New Faculty Publication: Chapters in “Team Teachers in Japan: Beliefs, identities, and emotions” – Dr. Chris Carl Hale and Dr. Tomohisa Machida

Dr. Chris Carl Hale and Dr. Tomohisa Machida of AIU’s English Language Teaching Practices Program have authored chapters in the new book Team Teachers in Japan: Beliefs, identities, and emotions. Please read on for a summary of each of their chapters.

Dr. Chris Carl Hale: “Negotiating the expert/novice positions in language teacher professional development”

In the educational literature in Japan, there has been steady interest in the professional dynamics between Japanese teachers of English (JTEs) and assistant English teachers (AETs). While much has been explored in terms of how this power dynamic is displayed in classroom settings and in relation to content delivery (Hiratsuka & Okuma, 2021; Johannes, 2012; Miyazato, 2001) as well as articulated through observations and interviews with both AETs and JTEs reflecting on the “expert/novice” orientation (Miyazato, 2009), there is a gap in the literature involving how these teachers interact with one another in professional development settings away from their classrooms and their students. It is important to remember that JTEs are professional, trained educators, while AETs are primarily “professionalized” by nature of their being native (or highly proficient) speakers of the English language. Despite most lacking any formal teacher-training, the AETs language prowess often provides them access to the “expert” position in the AET/JTE teaching dynamic (Miyazato, 2009). In the professional development setting, however, where teaching experience and training should be regarded as prerequisite for access to the “expert” position, teachers’ identity formation and maintenance vis-à-vis expert/novice positioning is much less understood. In these settings, professionals are expected to cooperate and work together on tasks designated by the trainers, however, in these settings, issues of identity and power are further complicated, as Leki (2001) reminds us, because “group work evokes issues of power—the power to define others and force them to behave in ways consonant with that construction” (p. 61).
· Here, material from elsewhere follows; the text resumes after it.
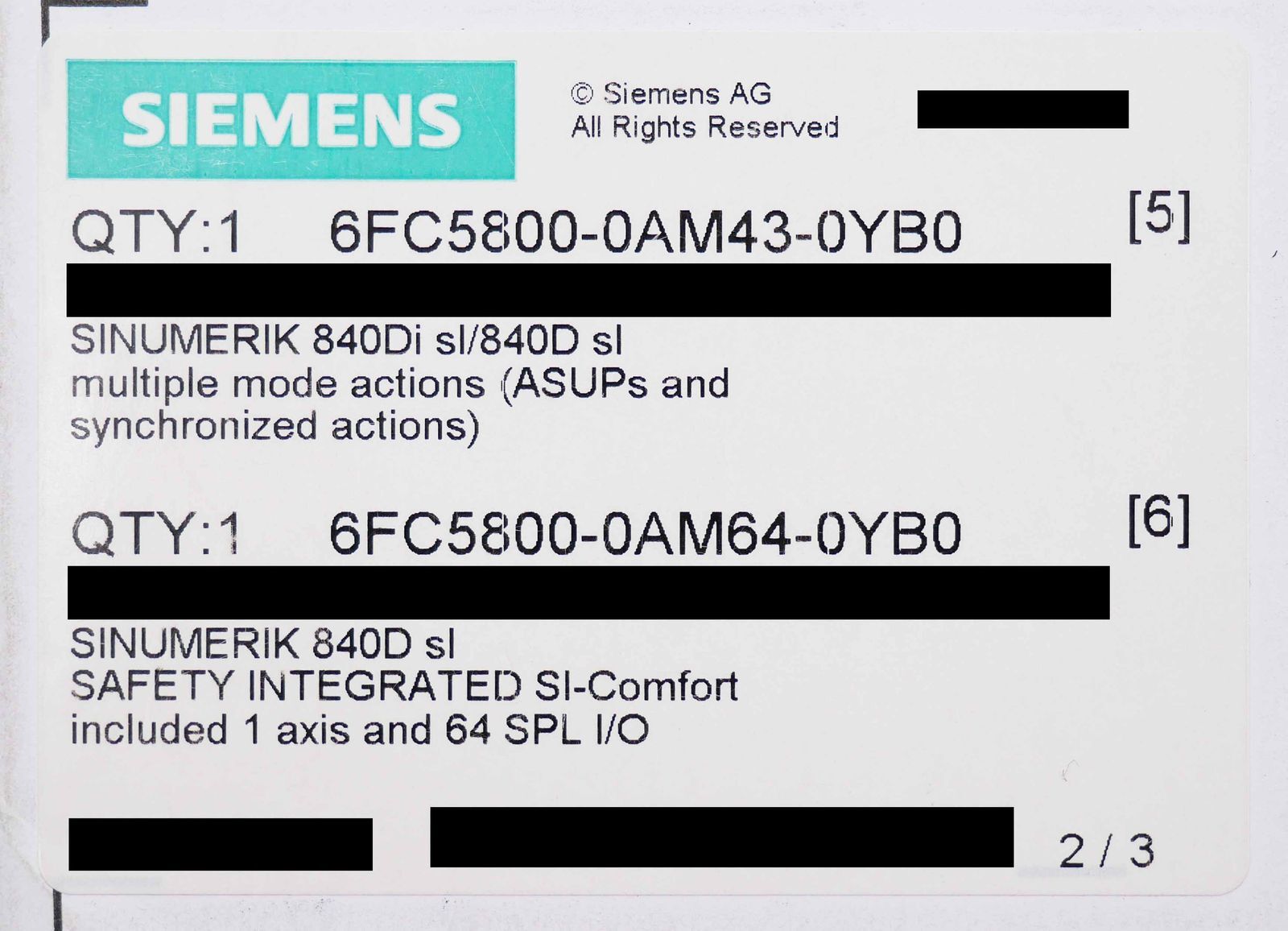 Siemens SINUMERIK 840DE sl 6FC5850-3YG21-4YA0-Z Z=B02+C76+M34+M64+P02 -sealed-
Using the methodological framework of conversation analysis (CA) as a primary tool, this paper reports on-going research examining JTEs and AETs participation in professional development settings where the power dynamic is intended to be collegial and equal. The findings show JTE’s and AETs actively negotiate the expert and novice positions, and in particular, both make linguistic moves to avoid assuming (or being assigned) the expert identity, both in terms of the professional training activities in which they engage, but also in the English language itself.


Johannes, A. A. (2012). Team teaching in Japan from the perspectives of the ALTs, the JTEs, and the students. TEFLIN Journal23(2), 165-182.
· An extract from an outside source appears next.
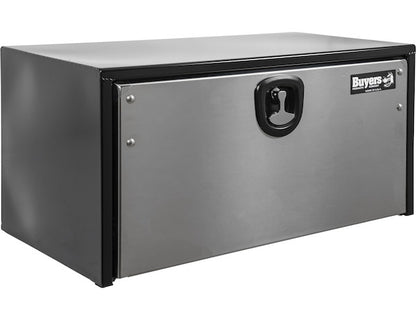Buyers Products 30-in x 18-in x 18-in Black Steel Truck Box with Stainless Steel Door - 1702703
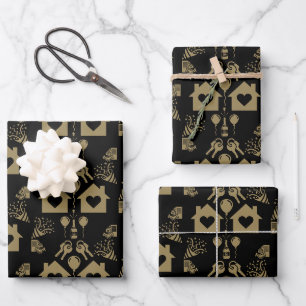 Feuille De Papier Cadeau Nouvelle Maison Chauffe Nouveau Or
Hiratsuka, T. & Okuma, K. (2021). “I can teach alone!”: Perceptions of pre-service teachers on team-teaching practices. The Language Teacher, 45(3), 11-15.
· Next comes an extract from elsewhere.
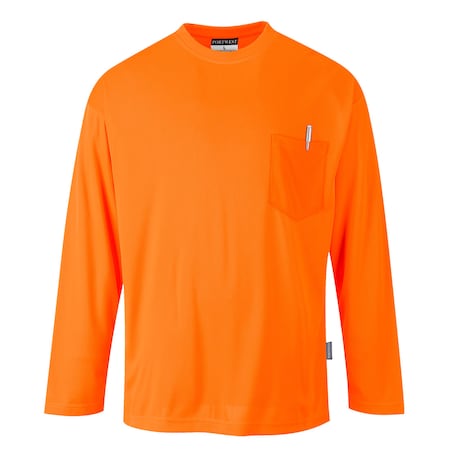 Long Sleeve Moisture Wicking T-Shirt, 100% Polyester, Orange, 5XL MPN:S579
Leki, I. (2001). “A narrow thinking system”: Nonnative‐English‐speaking students in group projects across the curriculum. TESOL quarterly35(1), 39-67.

Miyazato, K. (2009). Power-sharing between NS and NNS teachers: Linguistically powerful AETs vs. culturally powerful JTEs. JALT Journal31(1), 35-62.

Miyazato, K. (2001). Team teaching and Japanese learners’ motivation. The Language Teacher25(11), 33-35.

Dr. Tomohisa Machida: “Developing JTEs’ confidence towards team teaching”

This study explored how Japanese classroom teachers developed their confidence about team teaching with ALTs by alleviating their language anxiety. After implementing English language education at elementary school in 2020, Japanese classroom teachers are expected to team teach English with foreign assistant language teachers (ALTs) in a classroom. Forty classroom teachers at public elementary schools participated in a five-day in-service training seminar. The teachers (1) learned their language anxiety levels, (2) practiced teaching skills, (3) experienced successful English communication with native and near-native English speakers, and (4) taught English in team teaching in the training sessions. This resulted in them reducing their language anxiety and having greater confidence in team teaching by understanding their own strengths as non-native English-speaking teachers. It was also found that the classroom teachers still had reduced levels of language anxiety at six months after finishing the training. Findings indicated that with this lower language anxiety, Japanese classroom teachers began to effectively engage in team teaching with ALTs, which helped them gain and sustain confidence in team teaching.